Print, exactly and without pictures, the lines from the one where "My Melody Cafe 缶バッジ（メロディ）" appears down to the end of the entries.

Top of Records to use

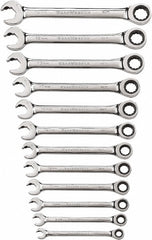 GEARWRENCH Gearwrench 85597 Ratcheting Combination Wrench Set 12pc Metric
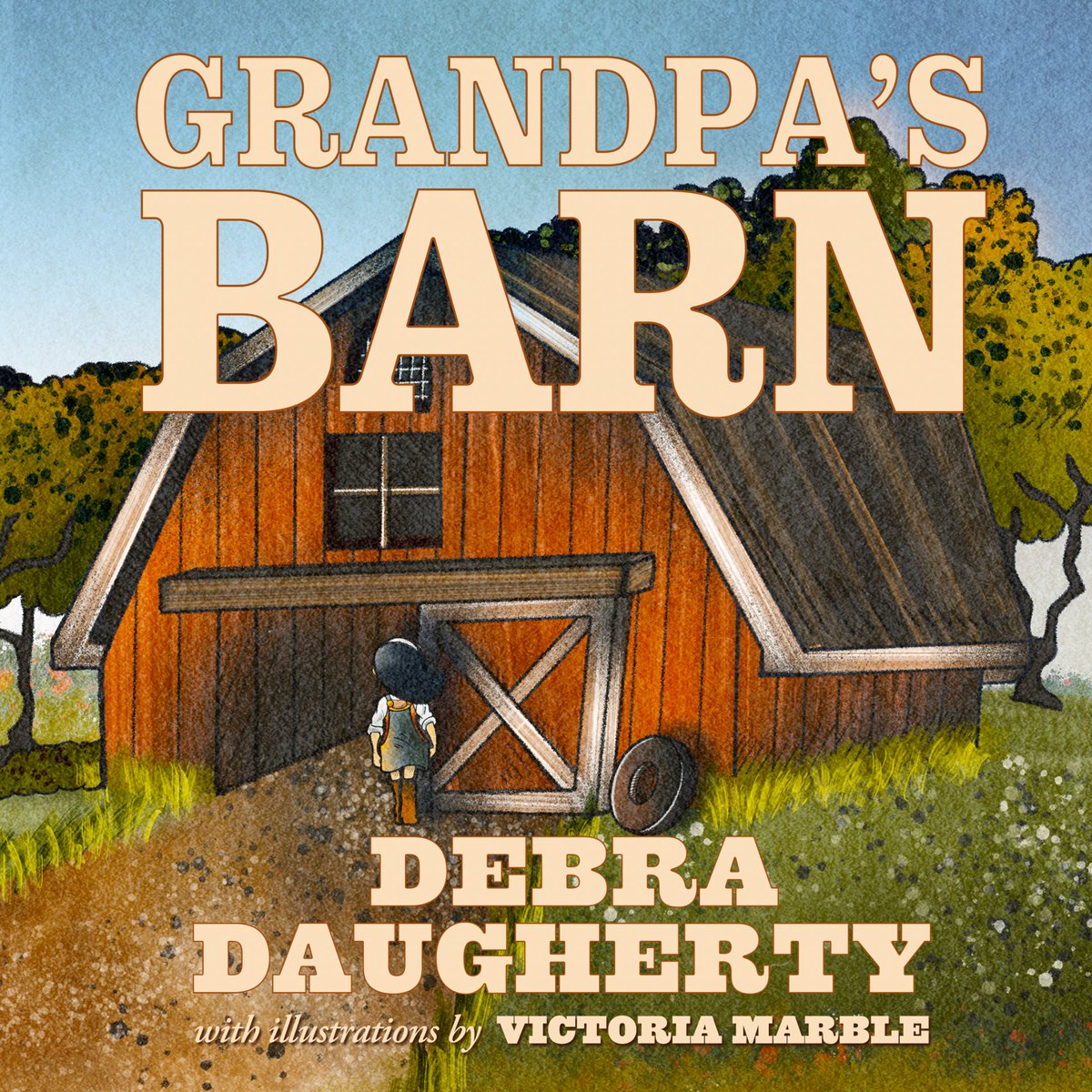 dmddeb's tweet photo. Book birth announcement:  IT'S A PICTURE BOOK!                  
Debra Daugherty, author, and Victoria Marble, illustrator, are proud to announce the arrival of their latest picture book.
Book's name: Grandpa's Barn
Date of birth/Pub date: April 29, 2025, 12:00 AM
Amazon, B &amp; N https://t.co/Omb4E8rgBj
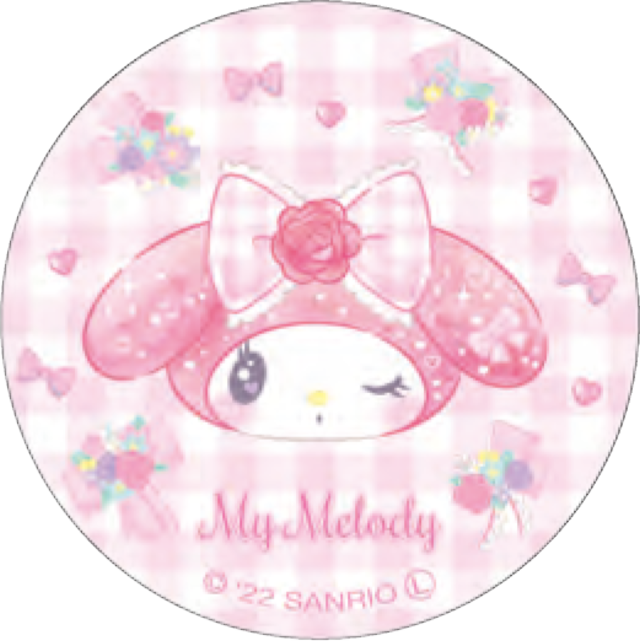 My Melody Cafe 缶バッジ（メロディ）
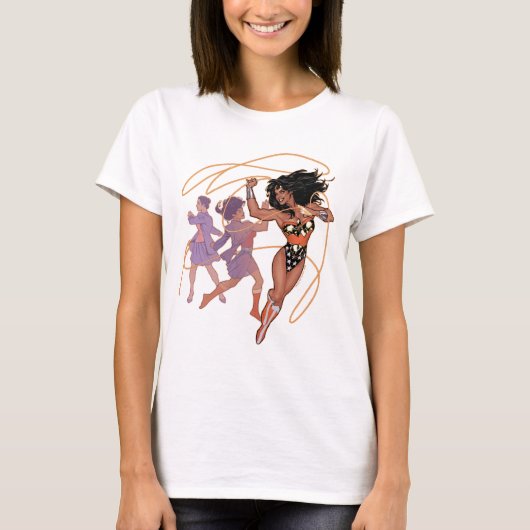 Wonder Woman Diana Prince Transformation T-shirt (Voorkant)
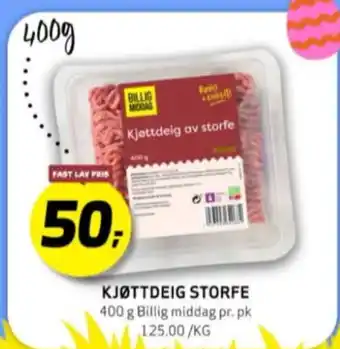 Bunnpris Kløver kjøttdeig tilbud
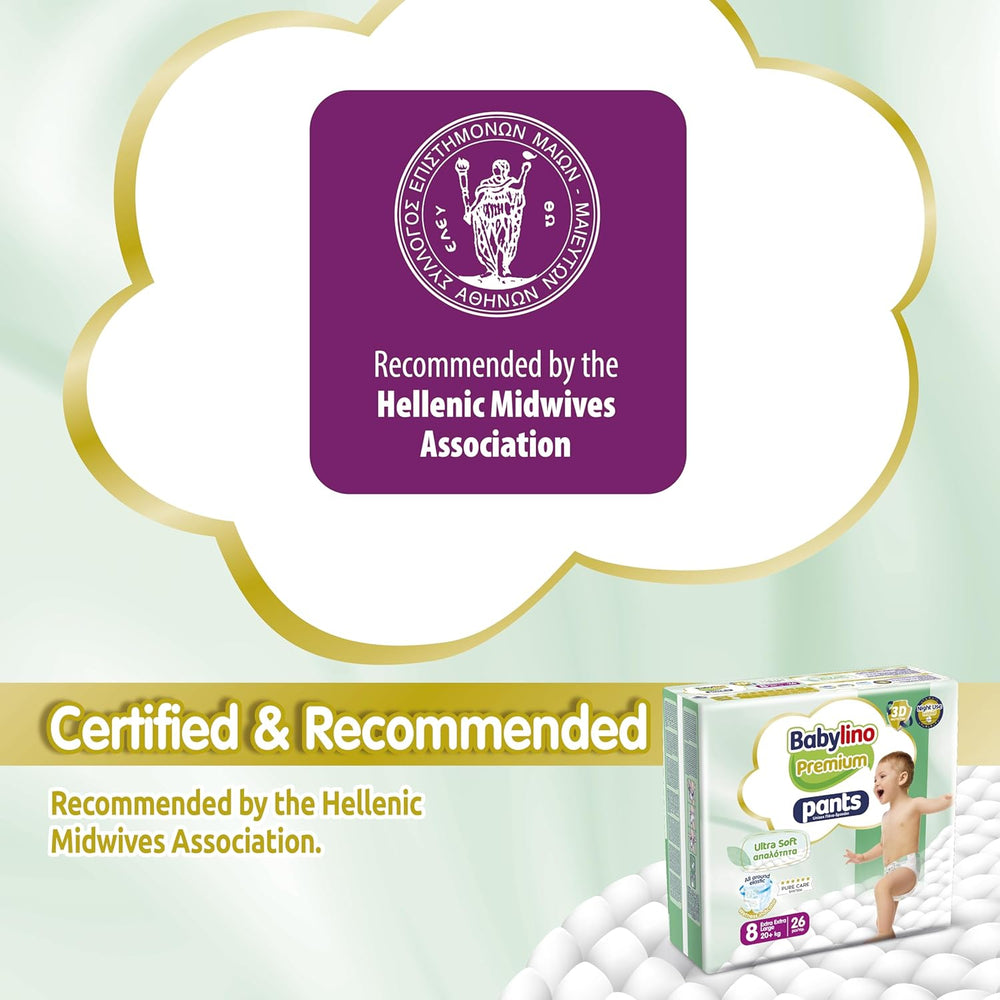 Prémium 8-as méretű nadrág Ultra-Soft szűrővel, XXL (20+ kg), 104 darab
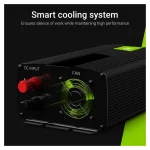 Green Cell Inverter Αυτοκινήτου Τροποποιημένου Ημιτόνου για Μετατροπή 12V DC σε 230V AC με 1xUSB INV03DE - Image 4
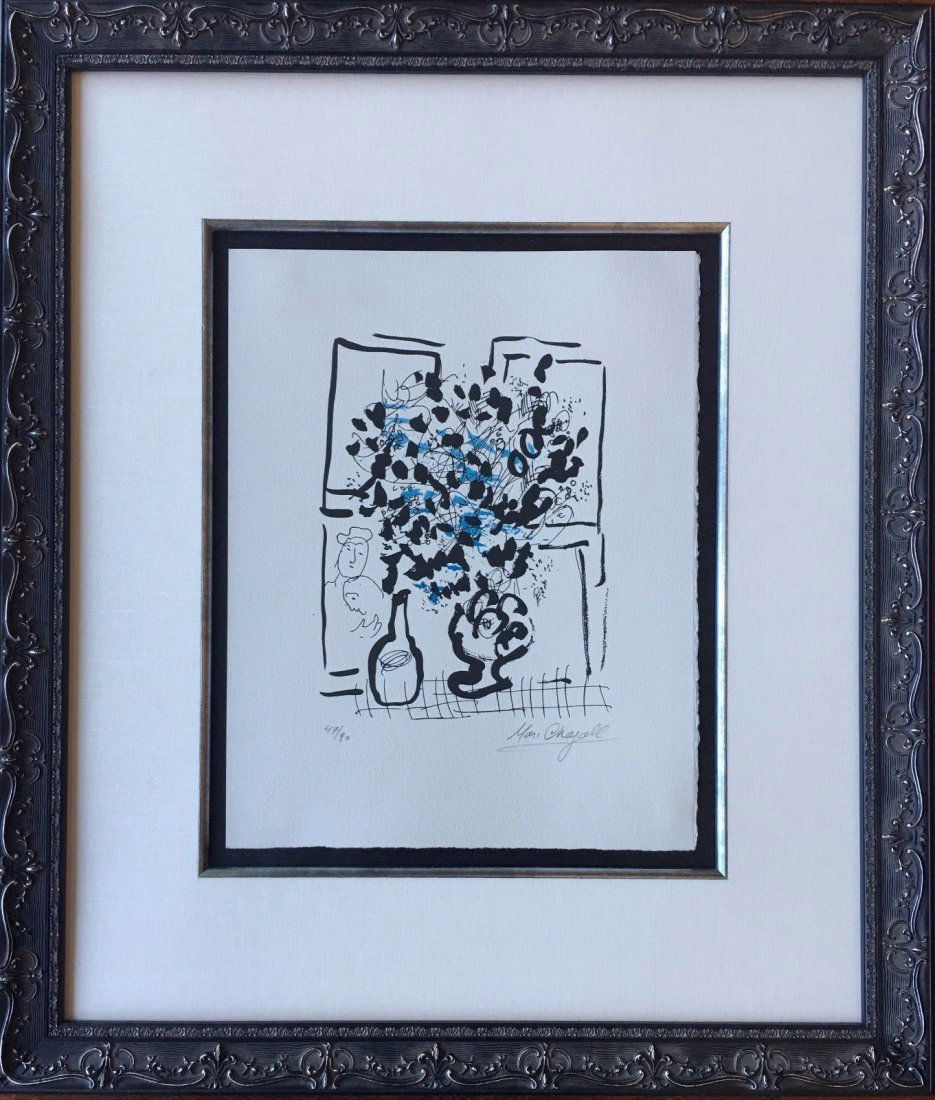 Marc Chagall - Black and Blue Bouquet (1 of 7)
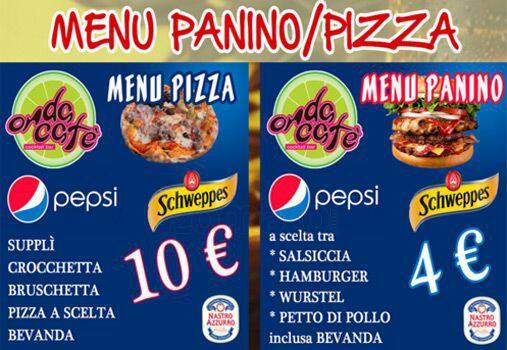 Menu di Onda Cafè 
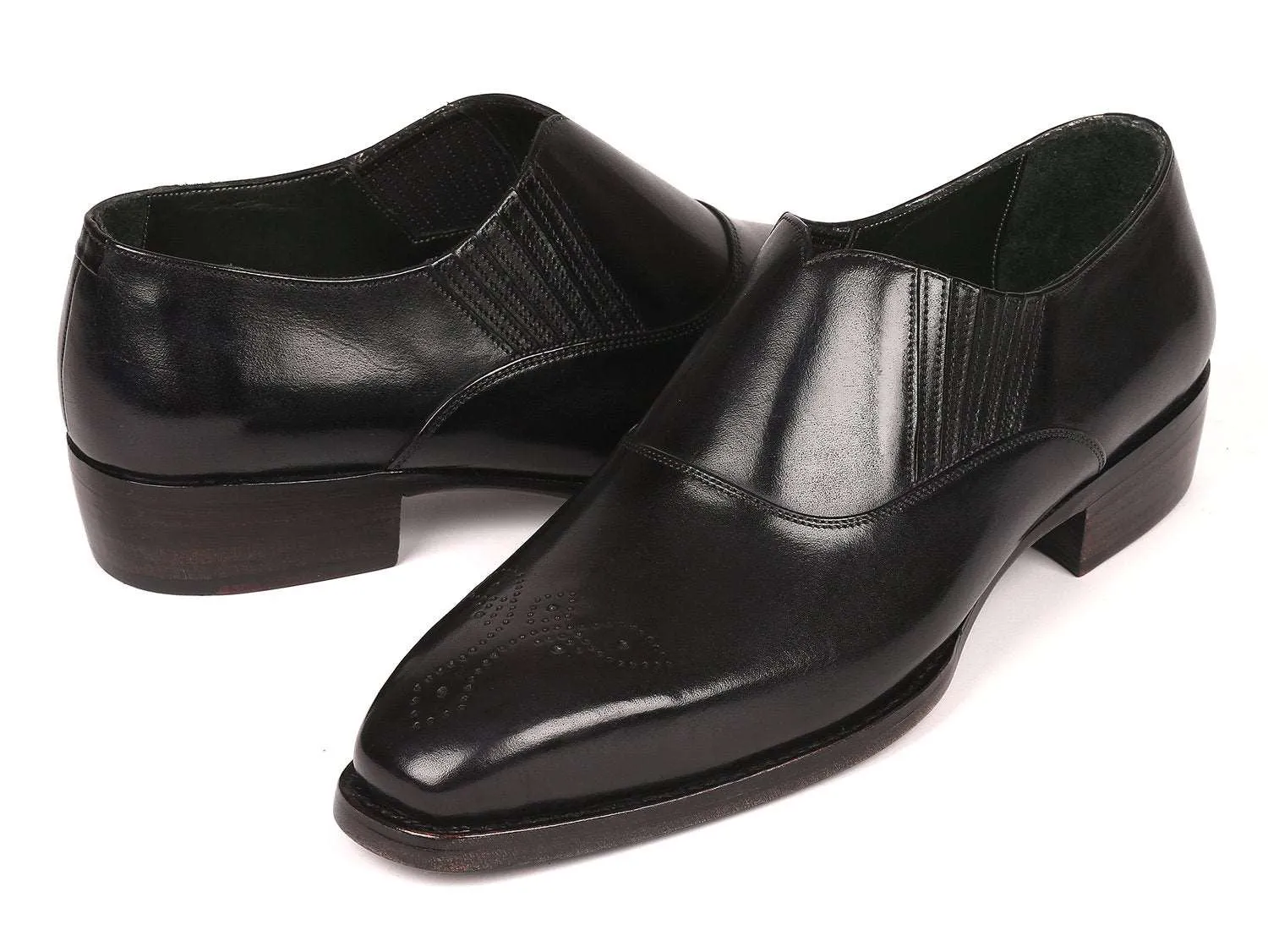 Paul Parkman Black Elasticated Loafers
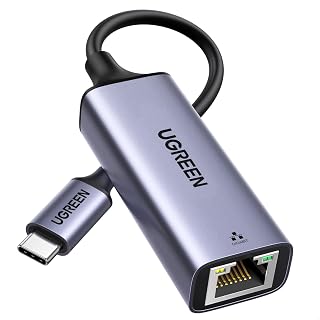 UGREEN USB C to Ethernet Adapter, Plug and Play 1Gbps Aluminum Adapter | (Thunderbolt 4/3 Compatible) to RJ45 Network Dongle, Compatible for MacBook Pro/Air, iPhone 17 Pro/Max, iPad, XPS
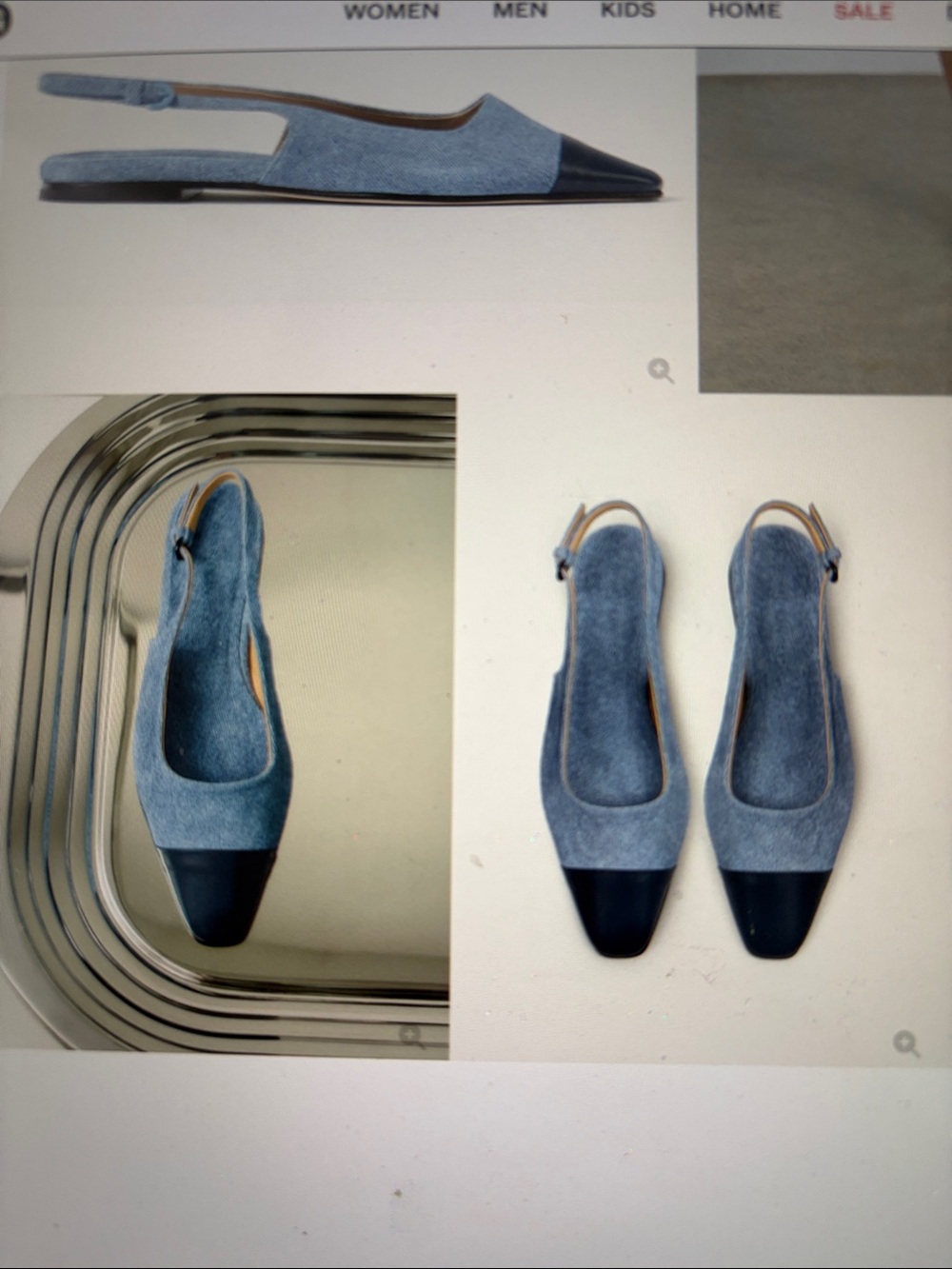 Dear Frances Denim Slingback Flats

Bottom of Records to use

**Task output**.
 My Melody Cafe 缶バッジ（メロディ）
 Wonder Woman Diana Prince Transformation T-shirt (Voorkant)
 Bunnpris Kløver kjøttdeig tilbud
 Prémium 8-as méretű nadrág Ultra-Soft szűrővel, XXL (20+ kg), 104 darab
 Green Cell Inverter Αυτοκινήτου Τροποποιημένου Ημιτόνου για Μετατροπή 12V DC σε 230V AC με 1xUSB INV03DE - Image 4
 Marc Chagall - Black and Blue Bouquet (1 of 7)
 Menu di Onda Cafè 
 Paul Parkman Black Elasticated Loafers
 UGREEN USB C to Ethernet Adapter, Plug and Play 1Gbps Aluminum Adapter | (Thunderbolt 4/3 Compatible) to RJ45 Network Dongle, Compatible for MacBook Pro/Air, iPhone 17 Pro/Max, iPad, XPS
 Dear Frances Denim Slingback Flats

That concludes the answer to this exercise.